Let \(f(x)=x^{3}+x\) Evaluate \(\lim _{s \rightarrow 0} \frac{f(x+s)-f(x)}{s}\).

Short answer

The limit is \( 3x^2 + 1 \).

Step-by-step solution

Understand the Problem

The expression given, \( \lim_{s \rightarrow 0} \frac{f(x+s)-f(x)}{s} \), is the limit definition of the derivative of \( f(x) \) with respect to \( x \). We'll calculate the derivative of \( f(x) \) using this expression.

Express f(x+s)

To calculate \( f(x+s) \), substitute \( x+s \) into the function \( f(x) = x^3 + x \). This gives \( f(x+s) = (x+s)^3 + (x+s) \).

Expand (x+s)^3

Expand the expression \( (x+s)^3 \) using the binomial theorem: \[ (x+s)^3 = x^3 + 3x^2s + 3xs^2 + s^3 \].

Substitute and Simplify

Substitute the expanded \( (x+s)^3 \) back into \( f(x+s) \). This gives: \[ f(x+s) = x^3 + 3x^2s + 3xs^2 + s^3 + x + s \]. Next, simplify \( f(x+s) - f(x) \):\[ f(x+s) - f(x) = (x^3 + 3x^2s + 3xs^2 + s^3 + x + s) - (x^3 + x) \]\[ = 3x^2s + 3xs^2 + s^3 + s \].

Divide by s

Now divide the expression \( f(x+s) - f(x) \) by \( s \): \[ \frac{3x^2s + 3xs^2 + s^3 + s}{s} = 3x^2 + 3xs + s^2 + 1 \].

Take the Limit as s Approaches Zero

Evaluate the limit as \( s \rightarrow 0 \): \[ \lim_{s \rightarrow 0} (3x^2 + 3xs + s^2 + 1) = 3x^2 + 0 + 0 + 1 \]. Thus, the limit is \( 3x^2 + 1 \).

Key concepts

Binomial Theorem

The binomial theorem is a pivotal concept in algebra. It provides a formula to expand expressions of the form \((x+s)^n\). This formula states that:\[(x+s)^n = \sum_{k=0}^{n} \binom{n}{k} x^{n-k} s^k\]where \( \binom{n}{k} \) is a binomial coefficient, also known as "n choose k," and it represents the number of ways to choose \(k\) elements from \(n\) elements.In the exercise, we used the binomial theorem to expand \((x+s)^3\). By applying the formula, we get:

• \(x^3\) from \(k=0\)
• \(3x^2s\) from \(k=1\)
• \(3xs^2\) from \(k=2\)
• \(s^3\) from \(k=3\)

This expansion helps simplify the expression and eventually calculate the derivative by the limit process.

Expanding Polynomials

Expanding polynomials involves breaking down expressions containing variables raised to higher powers.

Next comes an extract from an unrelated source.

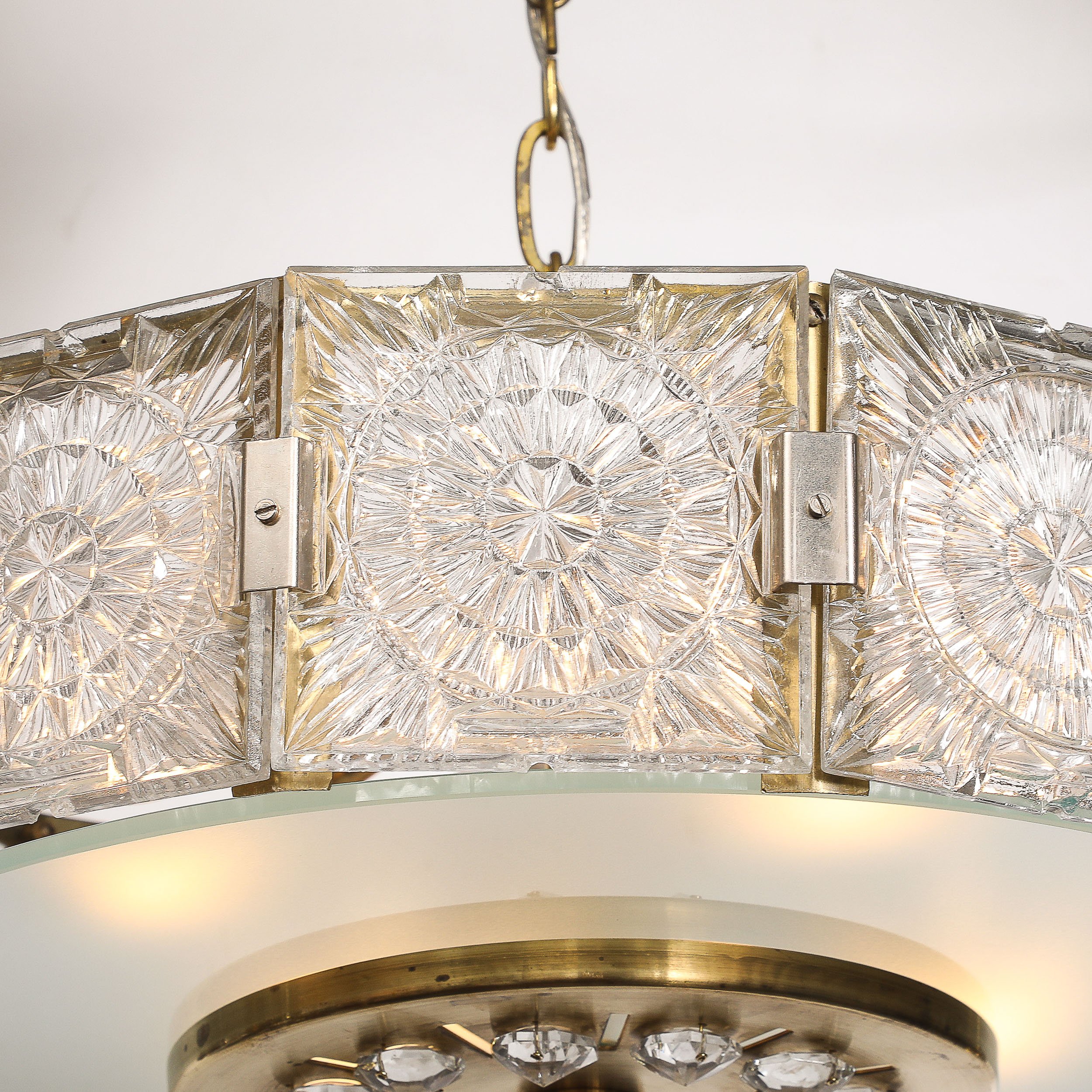 Mid-Century Modernist Pressed Glass Pendant Chandelier W: Frosted Diffuser - High Style Deco 15.jpg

It's an essential skill in algebra since it simplifies complex polynomials and enables us to see individual terms.In this exercise, the polynomial \(f(x+s)\) was expanded using polynomials rules and the binomial theorem. This is to transform expressions like \((x+s)^3\) into simpler terms. Each term of \(s\) in the polynomial \(f(x+s) = (x+s)^3 + (x+s)\) was expanded:

• \((x+s)^3\) was expanded using the binomial theorem, giving us the terms \(x^3 + 3x^2s + 3xs^2 + s^3\).
• \((x+s)\) was directly expanded, providing us with the terms \(x + s\).

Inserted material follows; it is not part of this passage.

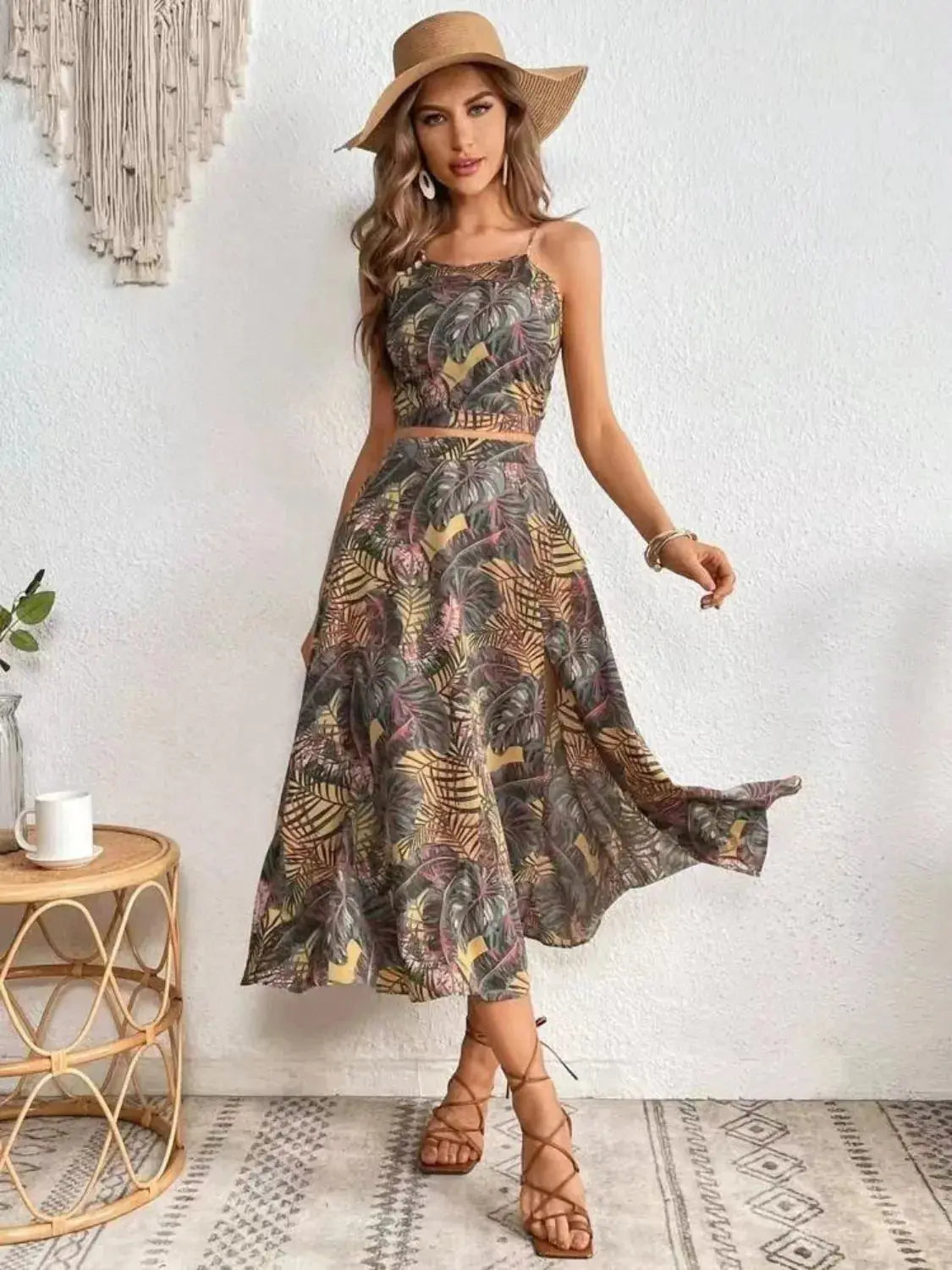 Tropical Leaf Print Two Piece Midi Skirt Set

Through proper expansion, the expression becomes manageable, facilitating subtraction and further simplification steps in calculus.

Taking Limits

The concept of taking limits is fundamental in calculus, particularly in determining derivatives and areas under curves. The limit addresses what happens as one variable approaches a specific value—often zero in differential calculus.In this exercise, we need to find:\[\lim_{s \rightarrow 0} \frac{f(x+s)-f(x)}{s}\]By simplifying \(f(x+s) - f(x)\) algebraically and dividing by \(s\), we end up with:\[3x^2 + 3xs + s^2 + 1\]Finally, evaluating the limit as \(s\) approaches zero entails substituting \(s = 0\) in the expression:

• \(3x^2\) remains as it depends on \(x\)
• \(3xs\) and \(s^2\) vanish since \(s=0\)
• The constant \(1\) remains

Thus, the limit is \(3x^2 + 1\), which represents the derivative of the original function \(f(x) = x^3 + x\).